Po 40 lat pożycia rzucił dotychczasową małżonkę dla młodszej od siebie o 36 lat Izabeli Podolec. Chociaż ich związek był przez wielu skazywany na porażkę i drwiono, że to tylko epizod i miłosny skok w bok, zakochanym udało się przetrwać falę złych podszeptów i doczekali się syna, trzyletniego obecnie Leopolda. Dominika Tajner ma więc brata, który równocześnie jest młodszym o kilkanaście lat wujkiem jej synów.

Dominika Tajner ujawnia, jak to jest mieć macochę młodszą o 13 lat

Jak wyglądają relacje członków tej patchworkowej rodziny? Opowiedziała o tym Dominika Tajner, która szczerze przyznała, że nie pałała sympatią do miłosnego wyboru swojego ojca.
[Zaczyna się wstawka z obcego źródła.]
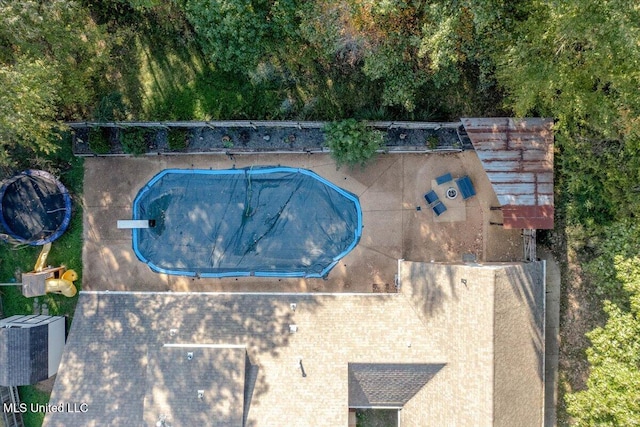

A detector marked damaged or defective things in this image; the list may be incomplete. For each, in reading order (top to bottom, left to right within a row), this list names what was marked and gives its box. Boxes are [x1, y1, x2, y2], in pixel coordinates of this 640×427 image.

rusty metal roof panel [462, 117, 552, 231] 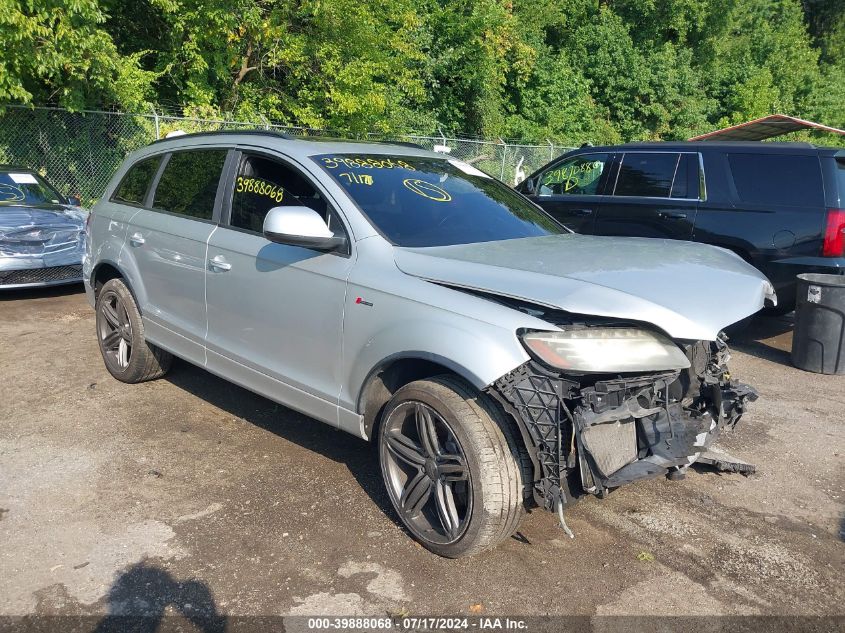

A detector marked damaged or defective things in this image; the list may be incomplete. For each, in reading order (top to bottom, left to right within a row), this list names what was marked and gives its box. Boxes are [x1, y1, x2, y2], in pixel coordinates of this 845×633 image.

broken headlight [520, 328, 692, 372]
damaged front end [484, 334, 756, 520]
crumpled front bumper [488, 338, 760, 512] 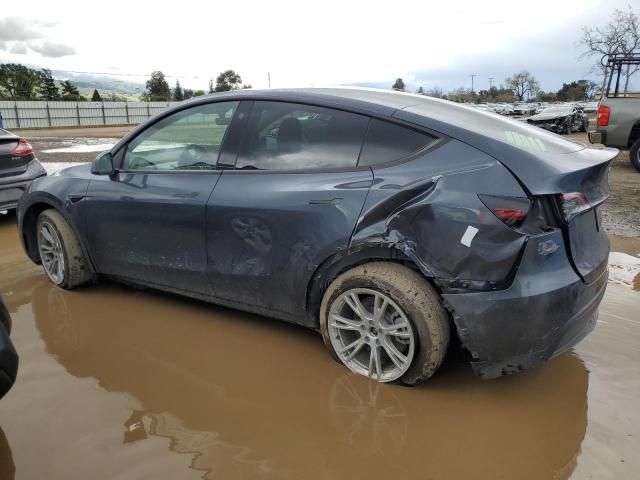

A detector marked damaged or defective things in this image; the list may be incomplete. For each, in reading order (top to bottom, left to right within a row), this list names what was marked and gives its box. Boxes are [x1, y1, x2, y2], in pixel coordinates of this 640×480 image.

wrecked car in background [528, 105, 588, 134]
wrecked car in background [15, 88, 616, 384]
damaged rear quarter panel [352, 140, 528, 284]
Trudno było ją zaakcentować, zwłaszcza że pasierbicę i macochę dzieli 13 lat różnicy. Z czasem się "dotarły", jednak Dominika Tajner wciąż pozostaje dość powściągliwa w jej ocenie.
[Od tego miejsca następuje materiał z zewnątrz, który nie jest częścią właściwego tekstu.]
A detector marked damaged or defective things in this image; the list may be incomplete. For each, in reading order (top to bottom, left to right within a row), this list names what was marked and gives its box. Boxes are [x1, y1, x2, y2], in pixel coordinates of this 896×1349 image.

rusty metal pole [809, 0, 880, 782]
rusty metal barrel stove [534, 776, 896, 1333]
- My mamy zdrowe relacje, ale nie będę nigdy jej przyjaciółką. Jak rodzice się rozwodzą i pojawia się ktoś trzeci, nieważne czy masz pięć, czy 37 lat, no to nie lubisz tej osoby, to chyba jest normalne. Natomiast mój ojciec jest szczęśliwy i nie rozumiem, dlaczego miałabym mieć złe relacje z jego żoną, tym bardziej że mają dziecko, czyli ja mam braciszka małego. Nie będę mówiła, że były otwarte ręce od początku. Trzeba się przegryźć, trzeba to przerobić. Nie była to łatwa sytuacja. Ona jest też trzynaście lat młodsza ode mnie... – mówiła w rozmowie z portalem Pomponik czwarta żona Michała Wiśniewskiego.

Jak myślicie, czy rozmowa przy wigilijnym stole będzie im się kleić?